Можно ли говорить, что с февраля 1956 года начался процесс десталинизации? Прежде всего надо понимать, что сама эта проблема – Хрущев, Сталин, XX съезд – как бы многослойна. И если читать сам доклад, то это значит – рассматривать только внешнюю сторону дела. Вроде бы Хрущев говорил о культе Сталина. И да – и нет. Доклад был назван «О культе личности», но слова «Сталин» в названии не было. Однако и абсолютным секретом все, что рассказал или прочитал Хрущев, для многих к тому времени уже не было, потому что с 1953 по 1956 год в партийные организации для партийного актива направлялись документы по разоблачению Берии. По существу речь в них шла о тех же процессах, о тех же фальсификациях дел, о тех же расстрельных списках. Но преподносилось это как дело рук Берии.
Если анализировать сам доклад и расставленные в нем акценты, то бросается в глаза, что все положительное о Сталине и о сталинизме говорится во вступлении и заключении. А в самом тексте доклада внимание сосредотачивается на репрессиях. Причем несколько раз подчеркивается именно незаконность репрессий. И тем самым закладывается мысль, хотя она и не озвучивается, что, значит, были и законные репрессии. К тому же в докладе нет ничего о блоках, о центрах, о троцкистах, зиновьевцах, бухаринцах, не рассматриваются «шахтинское дело», Промпартия и так далее. И это вовсе не случайно. Текст доклада готовили долго, потом его правил лично Хрущев, поэтому готовый доклад производил именно то впечатление, которое и должен был производить.
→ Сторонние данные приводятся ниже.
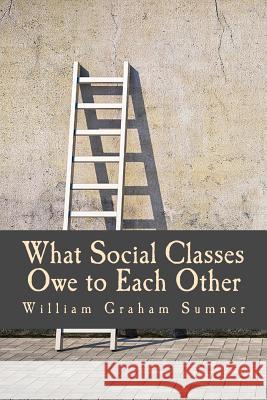 What Social Classes Owe to Each Other (Large Print Edition) Sumner, William Graham 9781496080042 Createspace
Доклад построен таким образом, что в его центре оказалась лишь вторая половина 30-х годов. Все, что было до этого, все что было после этого, Хрущев упоминал очень избирательно и главным образом в таком контексте: это были годы больших достижений под руководством товарища Сталина. Не было почти ничего сказано ни про крестьянство, ни про интеллигенцию, ни про депортированные народы. Но по настоянию Микояна Хрущев все же добавил в доклад, что, несмотря на предупреждения дипломатов, разведчиков и зарубежных доброжелателей о том, что Гитлер вот-вот нападет на Советский Союз, Сталин этому не верил. И в итоге нападение Гитлера на Советский Союз оказалось внезапным.
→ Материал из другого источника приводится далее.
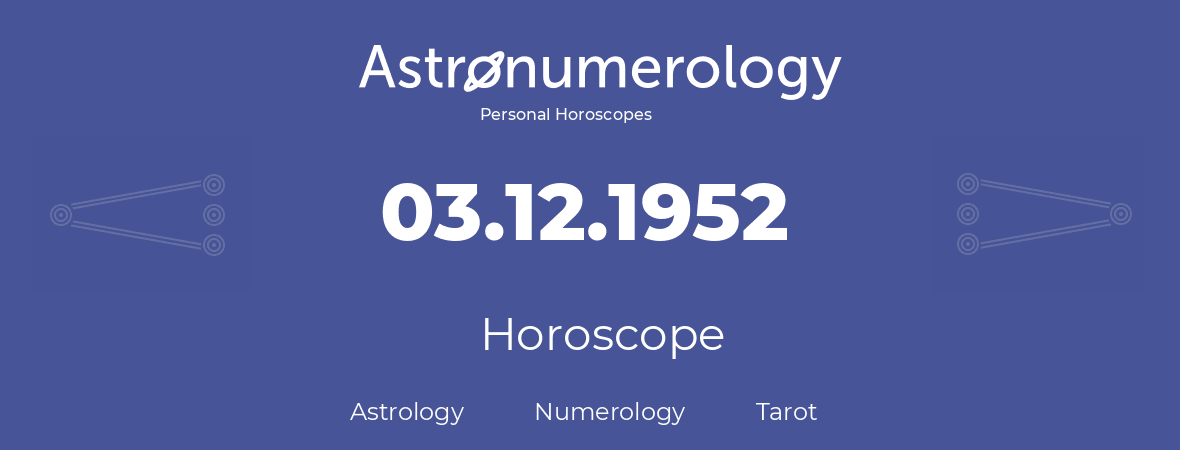 Horoscope for birthday (born day): 03.12.1952 (December 03, 1952)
Хрущев вроде бы гневно разоблачал ошибки и перегибы и выглядел при этом очень искренним. Но были ли последующие реформы действенными, было ли настоящее преодоление культа личности? Хрущевское время почти официально называется «оттепелью». И действительно, лед вроде бы треснул. Но ледоход так и не наступил, а потом еще в хрущевские и тем более в брежневские времена – лед очень быстро снова замерз. На Июльском пленуме ЦК КПСС 1956 года, с одной стороны, было принято уже открытое постановление о преодолении последствий культа личности, а с другой – в речи Хрущева на этом пленуме снова зазвучали слова о роли Сталина и его большом вкладе в победу над фашизмом и построение социализма.
К тому времени доклад «О культе личности» вызвал уже такую мощную реакцию во всем мире, что пошли разговоры о перерождении советского общества. И среди руководства партии возобладала такая точка зрения, что вслед за разоблачением культа личности и преступлений Сталина советский народ и мировая общественность начнут задаваться вопросом о роли в репрессиях соратников вождя, то есть тех, кто в тот момент стоял во главе страны.
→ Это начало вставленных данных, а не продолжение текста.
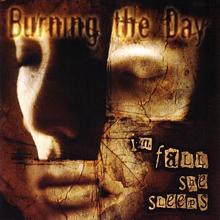 Burning The Day: In Fall She Sleeps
Здесь нужно еще немного сказать о рядовых палачах, которые работали на карательную систему. Изменилось ли что-то для них? Скорее всего нет. В советских репрессиях не было четкого деления на жертв и палачей. Любой человек, который выступал в роли палача, через какое-то время мог сам стать жертвой режима. И это касалось как номенклатуры, так и рядовых исполнителей.
Реабилитация репрессированных людей после XX съезда не стала массовой, а наоборот, пошла на спад. И причина тут проста: массовое освобождение из лагерей началось сразу после смерти Сталина, и инициатором этого был Берия, обошедшийся без какого-либо осуждения культа личности и подведения идеологической базы. Он был человеком с практическим складом ума и пытался взять под контроль процесс, который считал неизбежным. Реабилитация же, которая пошла после 1956 года, проходила очень медленно. По каждому случаю создавалась комиссия, которая исследовала документы, потом шел судебный процесс, и в итоге дело затягивалось на месяцы.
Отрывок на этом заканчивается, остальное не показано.